▸ PROBLEM TO WORK ON: Will you extract the entries word for word? Images should not appear in the copy.

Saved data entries
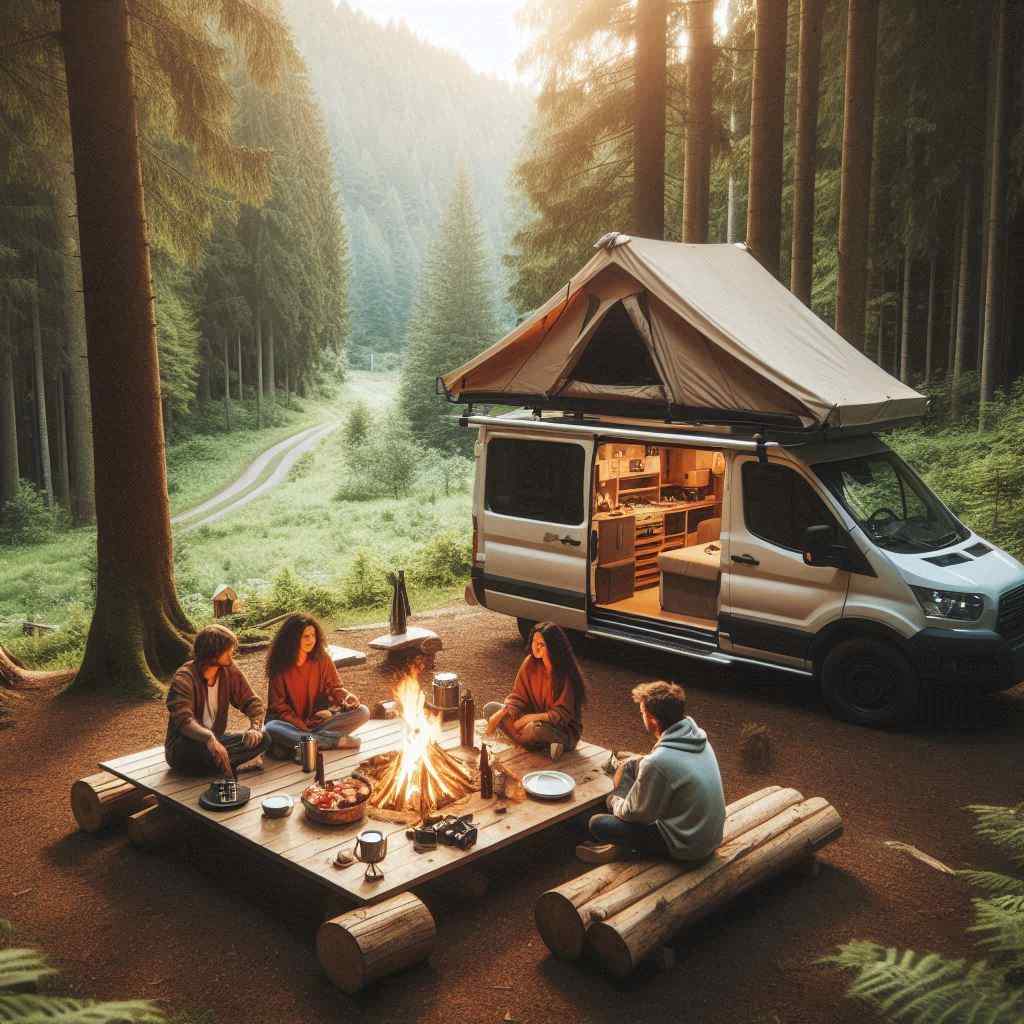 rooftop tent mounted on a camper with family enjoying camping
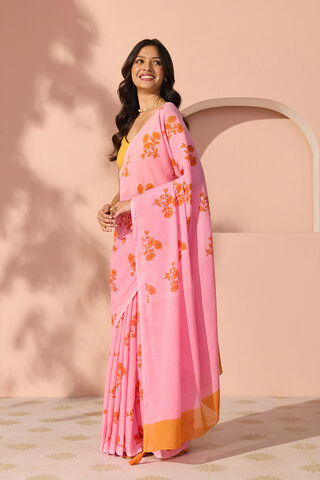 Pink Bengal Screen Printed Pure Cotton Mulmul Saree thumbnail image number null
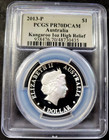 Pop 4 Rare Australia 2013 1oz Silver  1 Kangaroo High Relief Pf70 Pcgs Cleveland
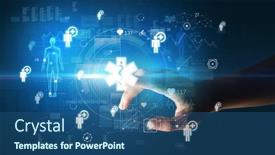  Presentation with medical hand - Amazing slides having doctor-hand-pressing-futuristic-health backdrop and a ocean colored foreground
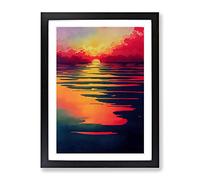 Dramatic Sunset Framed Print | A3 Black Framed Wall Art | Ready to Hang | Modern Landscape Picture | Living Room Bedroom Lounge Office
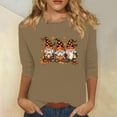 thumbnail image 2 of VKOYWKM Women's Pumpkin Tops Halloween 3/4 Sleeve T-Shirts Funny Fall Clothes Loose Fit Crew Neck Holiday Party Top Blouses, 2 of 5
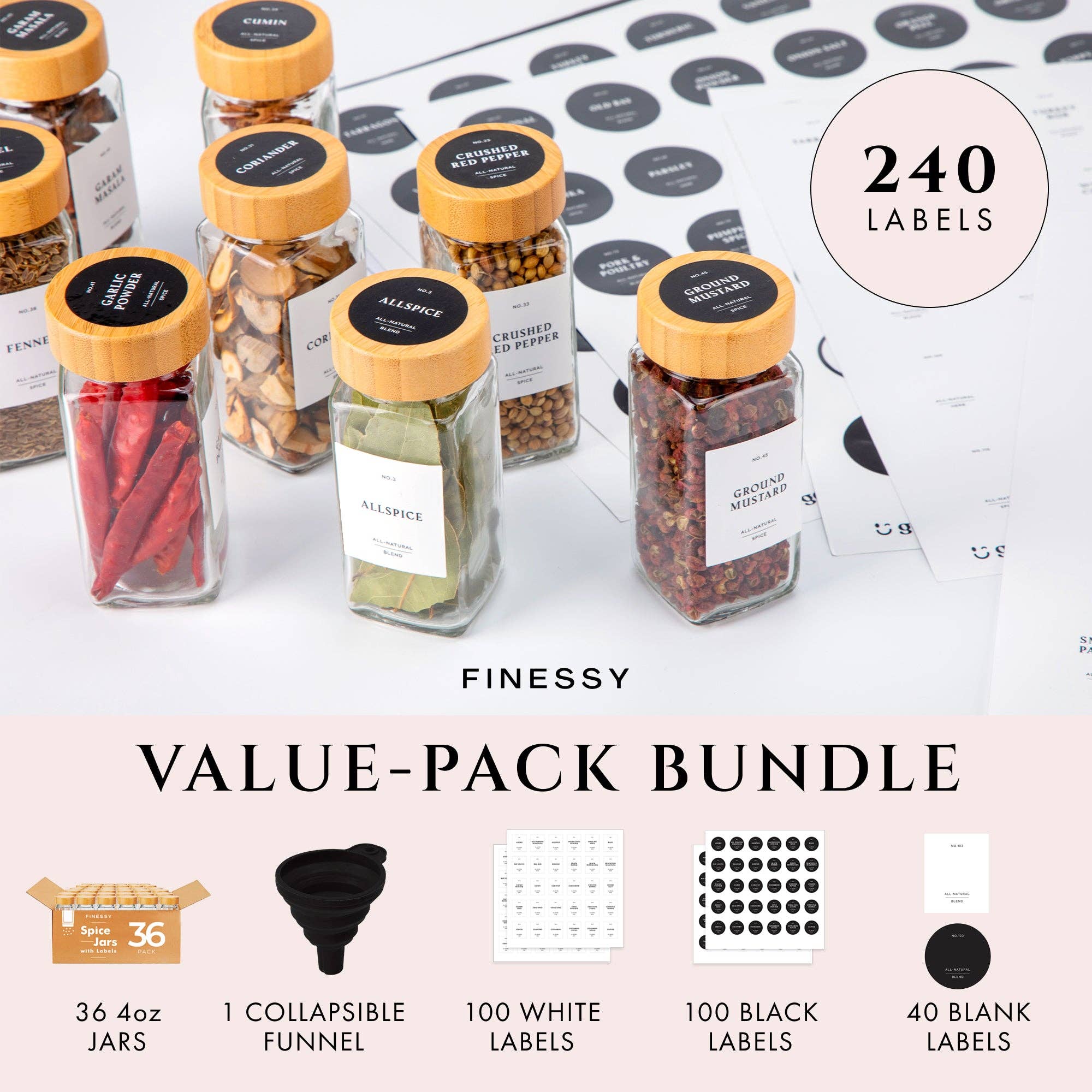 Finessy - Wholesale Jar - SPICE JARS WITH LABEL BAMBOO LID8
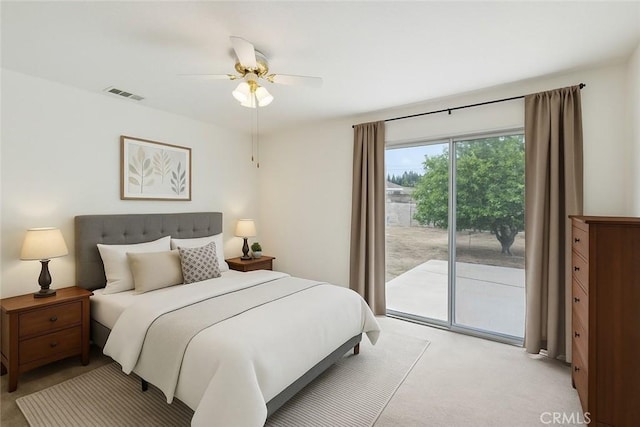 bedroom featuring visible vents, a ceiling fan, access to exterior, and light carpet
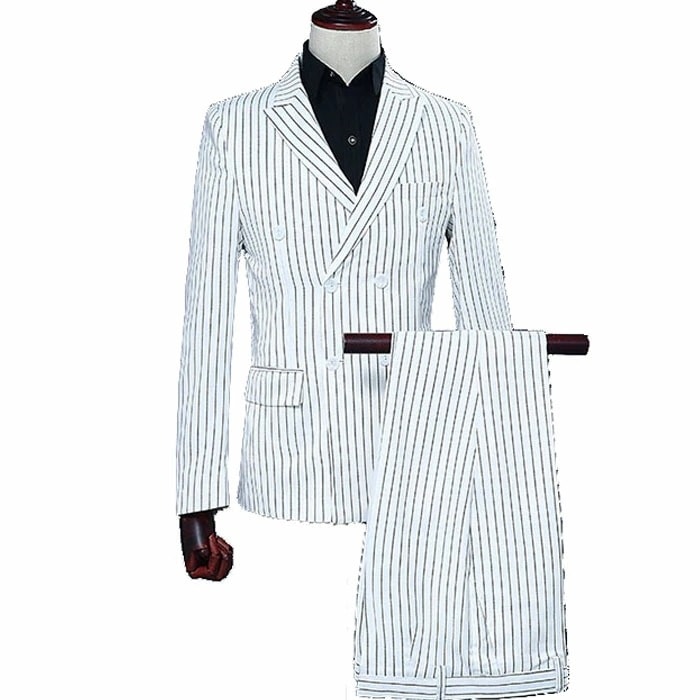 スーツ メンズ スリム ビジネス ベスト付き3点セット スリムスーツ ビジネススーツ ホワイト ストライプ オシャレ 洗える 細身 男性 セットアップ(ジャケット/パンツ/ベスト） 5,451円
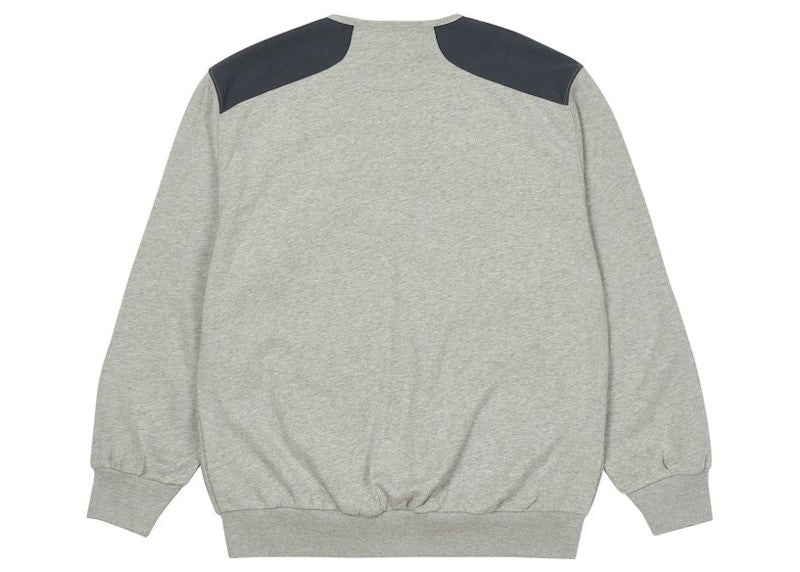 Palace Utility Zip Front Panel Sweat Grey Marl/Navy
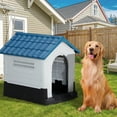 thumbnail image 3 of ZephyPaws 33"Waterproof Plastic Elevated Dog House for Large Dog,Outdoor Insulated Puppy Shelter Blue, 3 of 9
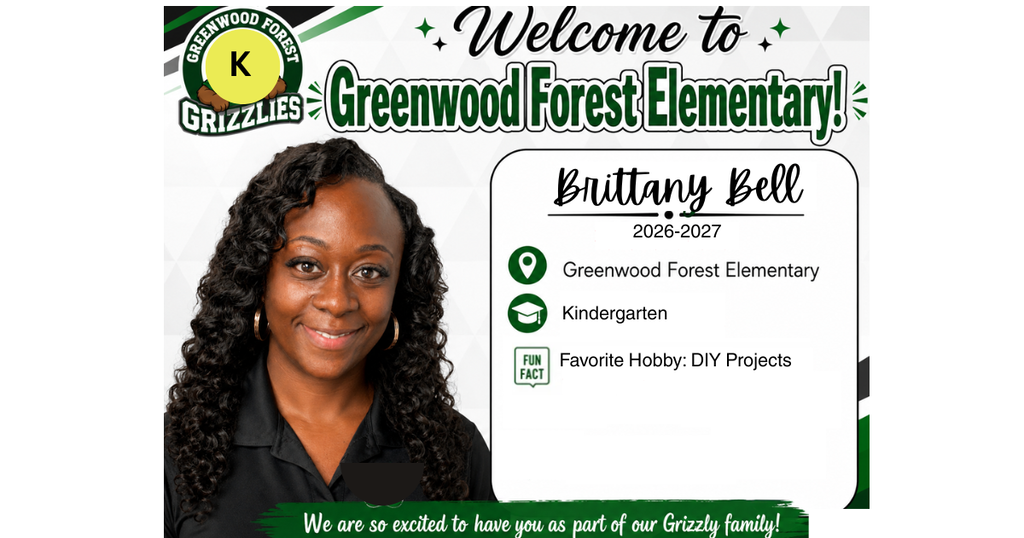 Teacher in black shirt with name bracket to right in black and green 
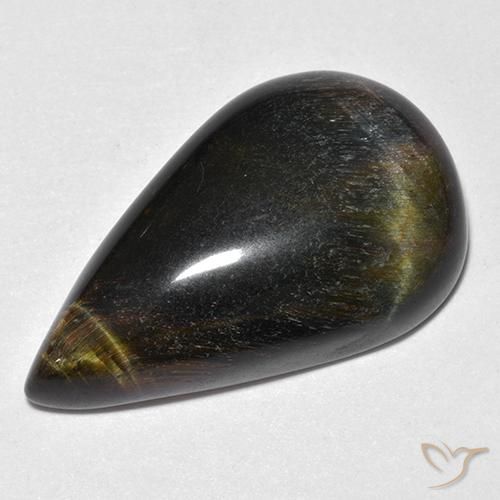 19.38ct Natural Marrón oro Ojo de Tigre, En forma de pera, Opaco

▸ FINAL ANSWER:
 rooftop tent mounted on a camper with family enjoying camping
 Pink Bengal Screen Printed Pure Cotton Mulmul Saree thumbnail image number null
 Pop 4 Rare Australia 2013 1oz Silver  1 Kangaroo High Relief Pf70 Pcgs Cleveland
  Presentation with medical hand - Amazing slides having doctor-hand-pressing-futuristic-health backdrop and a ocean colored foreground
 Dramatic Sunset Framed Print | A3 Black Framed Wall Art | Ready to Hang | Modern Landscape Picture | Living Room Bedroom Lounge Office
 thumbnail image 2 of VKOYWKM Women's Pumpkin Tops Halloween 3/4 Sleeve T-Shirts Funny Fall Clothes Loose Fit Crew Neck Holiday Party Top Blouses, 2 of 5
 Finessy - Wholesale Jar - SPICE JARS WITH LABEL BAMBOO LID8
 bedroom featuring visible vents, a ceiling fan, access to exterior, and light carpet
 スーツ メンズ スリム ビジネス ベスト付き3点セット スリムスーツ ビジネススーツ ホワイト ストライプ オシャレ 洗える 細身 男性 セットアップ(ジャケット/パンツ/ベスト） 5,451円
 Palace Utility Zip Front Panel Sweat Grey Marl/Navy
 thumbnail image 3 of ZephyPaws 33"Waterproof Plastic Elevated Dog House for Large Dog,Outdoor Insulated Puppy Shelter Blue, 3 of 9
 Teacher in black shirt with name bracket to right in black and green 
 19.38ct Natural Marrón oro Ojo de Tigre, En forma de pera, Opaco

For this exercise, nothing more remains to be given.